◆ **The data**
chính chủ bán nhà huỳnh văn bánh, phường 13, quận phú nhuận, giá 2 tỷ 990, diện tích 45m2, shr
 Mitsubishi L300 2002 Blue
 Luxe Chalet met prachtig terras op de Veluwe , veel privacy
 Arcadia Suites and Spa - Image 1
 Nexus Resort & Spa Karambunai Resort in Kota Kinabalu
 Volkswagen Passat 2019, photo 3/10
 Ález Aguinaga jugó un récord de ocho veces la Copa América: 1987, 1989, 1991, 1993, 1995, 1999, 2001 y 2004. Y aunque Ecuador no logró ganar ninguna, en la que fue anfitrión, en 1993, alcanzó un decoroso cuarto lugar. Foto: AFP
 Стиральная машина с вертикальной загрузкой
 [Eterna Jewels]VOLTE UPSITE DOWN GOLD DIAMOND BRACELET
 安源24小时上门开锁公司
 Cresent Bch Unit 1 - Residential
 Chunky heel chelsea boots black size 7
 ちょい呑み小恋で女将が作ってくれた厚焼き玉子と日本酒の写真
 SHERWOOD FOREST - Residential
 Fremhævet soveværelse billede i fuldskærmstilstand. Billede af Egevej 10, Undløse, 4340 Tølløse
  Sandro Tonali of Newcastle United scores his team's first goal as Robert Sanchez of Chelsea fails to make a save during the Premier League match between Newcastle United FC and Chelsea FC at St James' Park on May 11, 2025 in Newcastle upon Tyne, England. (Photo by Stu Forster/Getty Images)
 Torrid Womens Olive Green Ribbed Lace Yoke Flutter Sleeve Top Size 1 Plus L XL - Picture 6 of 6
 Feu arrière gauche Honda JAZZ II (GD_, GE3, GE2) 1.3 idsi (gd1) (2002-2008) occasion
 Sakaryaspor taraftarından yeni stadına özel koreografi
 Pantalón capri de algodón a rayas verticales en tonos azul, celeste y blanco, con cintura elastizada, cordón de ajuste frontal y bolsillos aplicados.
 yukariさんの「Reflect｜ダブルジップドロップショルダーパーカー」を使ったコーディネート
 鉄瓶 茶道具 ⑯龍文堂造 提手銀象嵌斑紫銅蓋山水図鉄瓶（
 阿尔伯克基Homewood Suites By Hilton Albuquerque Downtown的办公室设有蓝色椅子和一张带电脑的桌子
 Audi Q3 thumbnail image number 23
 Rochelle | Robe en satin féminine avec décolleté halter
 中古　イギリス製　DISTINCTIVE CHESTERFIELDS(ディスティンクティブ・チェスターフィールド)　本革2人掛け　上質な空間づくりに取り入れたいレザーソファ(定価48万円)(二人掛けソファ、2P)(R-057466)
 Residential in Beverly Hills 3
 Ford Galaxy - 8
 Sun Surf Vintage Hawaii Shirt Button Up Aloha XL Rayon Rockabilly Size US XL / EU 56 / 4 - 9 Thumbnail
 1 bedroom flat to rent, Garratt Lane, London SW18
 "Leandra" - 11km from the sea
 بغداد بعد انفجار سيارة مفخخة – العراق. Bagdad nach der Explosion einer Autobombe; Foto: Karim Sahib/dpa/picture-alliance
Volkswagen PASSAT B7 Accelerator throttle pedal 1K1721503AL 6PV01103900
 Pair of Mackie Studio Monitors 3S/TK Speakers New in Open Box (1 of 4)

◆ **Work request**
The lines above that hold the word "Suites" are the ones to copy.

◆ **Response area**
 Arcadia Suites and Spa - Image 1
 阿尔伯克基Homewood Suites By Hilton Albuquerque Downtown的办公室设有蓝色椅子和一张带电脑的桌子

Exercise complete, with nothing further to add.